> _EXERCISE OBJECTIVE_
You are to retype exactly the line with "Thumbnail 1 in" and every line after it in the entries below.

> _DATA EXCERPTS_
Content starts

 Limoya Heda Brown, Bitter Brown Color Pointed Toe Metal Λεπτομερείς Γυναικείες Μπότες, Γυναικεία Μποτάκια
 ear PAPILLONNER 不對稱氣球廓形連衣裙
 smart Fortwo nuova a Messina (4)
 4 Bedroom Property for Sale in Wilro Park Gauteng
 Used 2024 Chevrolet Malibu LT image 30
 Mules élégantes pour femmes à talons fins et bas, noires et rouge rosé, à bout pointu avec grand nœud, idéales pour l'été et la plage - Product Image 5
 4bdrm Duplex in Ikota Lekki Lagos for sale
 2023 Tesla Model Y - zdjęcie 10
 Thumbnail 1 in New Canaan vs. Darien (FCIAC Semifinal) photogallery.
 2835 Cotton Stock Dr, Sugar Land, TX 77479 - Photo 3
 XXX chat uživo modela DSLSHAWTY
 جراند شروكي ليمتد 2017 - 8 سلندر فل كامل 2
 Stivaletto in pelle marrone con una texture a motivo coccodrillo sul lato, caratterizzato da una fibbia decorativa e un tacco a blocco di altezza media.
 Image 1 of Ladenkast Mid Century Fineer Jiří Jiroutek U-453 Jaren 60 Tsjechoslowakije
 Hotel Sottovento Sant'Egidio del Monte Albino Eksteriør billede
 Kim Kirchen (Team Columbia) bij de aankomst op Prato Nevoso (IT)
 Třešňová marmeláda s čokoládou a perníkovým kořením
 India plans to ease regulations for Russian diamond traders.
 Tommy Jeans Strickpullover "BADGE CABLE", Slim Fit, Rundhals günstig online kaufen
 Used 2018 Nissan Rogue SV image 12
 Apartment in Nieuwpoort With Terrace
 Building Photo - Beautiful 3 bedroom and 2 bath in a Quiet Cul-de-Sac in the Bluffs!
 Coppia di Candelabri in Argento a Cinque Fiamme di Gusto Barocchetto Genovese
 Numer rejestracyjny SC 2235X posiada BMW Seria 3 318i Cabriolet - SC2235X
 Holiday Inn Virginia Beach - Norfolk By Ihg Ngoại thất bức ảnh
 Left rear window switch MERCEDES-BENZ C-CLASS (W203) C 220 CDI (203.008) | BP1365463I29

Content ends

> _SOLUTION FOR THIS PROBLEM_
 Thumbnail 1 in New Canaan vs. Darien (FCIAC Semifinal) photogallery.
 2835 Cotton Stock Dr, Sugar Land, TX 77479 - Photo 3
 XXX chat uživo modela DSLSHAWTY
 جراند شروكي ليمتد 2017 - 8 سلندر فل كامل 2
 Stivaletto in pelle marrone con una texture a motivo coccodrillo sul lato, caratterizzato da una fibbia decorativa e un tacco a blocco di altezza media.
 Image 1 of Ladenkast Mid Century Fineer Jiří Jiroutek U-453 Jaren 60 Tsjechoslowakije
 Hotel Sottovento Sant'Egidio del Monte Albino Eksteriør billede
 Kim Kirchen (Team Columbia) bij de aankomst op Prato Nevoso (IT)
 Třešňová marmeláda s čokoládou a perníkovým kořením
 India plans to ease regulations for Russian diamond traders.
 Tommy Jeans Strickpullover "BADGE CABLE", Slim Fit, Rundhals günstig online kaufen
 Used 2018 Nissan Rogue SV image 12
 Apartment in Nieuwpoort With Terrace
 Building Photo - Beautiful 3 bedroom and 2 bath in a Quiet Cul-de-Sac in the Bluffs!
 Coppia di Candelabri in Argento a Cinque Fiamme di Gusto Barocchetto Genovese
 Numer rejestracyjny SC 2235X posiada BMW Seria 3 318i Cabriolet - SC2235X
 Holiday Inn Virginia Beach - Norfolk By Ihg Ngoại thất bức ảnh
 Left rear window switch MERCEDES-BENZ C-CLASS (W203) C 220 CDI (203.008) | BP1365463I29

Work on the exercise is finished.